D’autres domaines ont été abordés durant ces échanges explosifs, notamment le statut des forces de réserve et des unités de la Garde Nationale dont il est fait grand usage, d’une façon proche de l’illégalité. Il s’agit là aussi d’un signe évident de la crise militaire US, avec des effectifs totalement inadéquats pour la guerre en cours.
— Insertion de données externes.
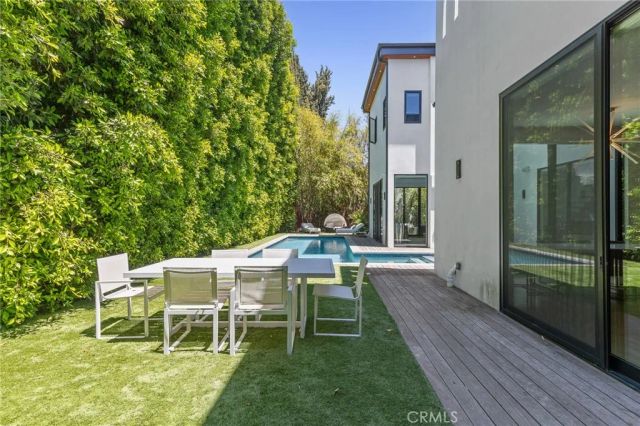 15241 Greenleaf, Sherman Oaks, CA 91403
On n’a donc pas tant parlé de la guerre que des moyens qui sont donnés à l’armée pour la faire. Il y a dans cet incident des signes évidents de la faiblesse militaire américaine, de l’incapacité du Pentagone à équiper ses forces à cause du labyrinthe bureaucratique. Entendre un secrétaire à la défense US dire à ses forces « you go to war with the Army you have », plus de trois ans après que la guerre ait commencé, et près de deux ans après le début du conflit sur le théâtre irakien, est proprement stupéfiant lorsqu’il s’agit d’un pays de la puissance des USA. Toutes ces faiblesses ne sont pas nouvelles. Elles existent dès l’origine et n’ont fait depuis que s’amplifier. Il y a donc la mise en évidence de l’incapacité du Pentagone à répondre aux exigences pourtant modestes (par rapport à l’ensemble des moyens) des forces en train de combattre. Bien entendu, ce n’est pas une question d’absence de moyens mais une question d’incapacité pure et simple au niveau de l’organisation et de la logistique, — les points forts habituels des Américains. La crise bureaucratique est à la base de tout cela, et Rumsfeld le sait depuis longtemps. D'autres indications plus générales, comme celles du général Zinni, permettent de comprendre combien ce problème bureaucratique est devenu endémique et agit comme un véritable cancer.

La crise devient grave puisqu’on voit désormais des circonstances où l’on n’est plus loin de la révolte. Le malaise au sein des forces armées ne cesse d’enfler. Cela n’a rien à voir avec le Viet-nâm où, au moins, les forces US disposaient de tous les moyens dont elles avaient besoin. C’est une crise inédite, où l’abondance ($420 milliards par an pour le DoD, plus les rajouts spécifiques pour l’Irak) devient plutôt ennemie de l’efficacité, en accentuant la paralysie de la bureaucratie qui est désormais plus occupée à affirmer sa puissance interne qu’à envoyer des Humvee sur le front.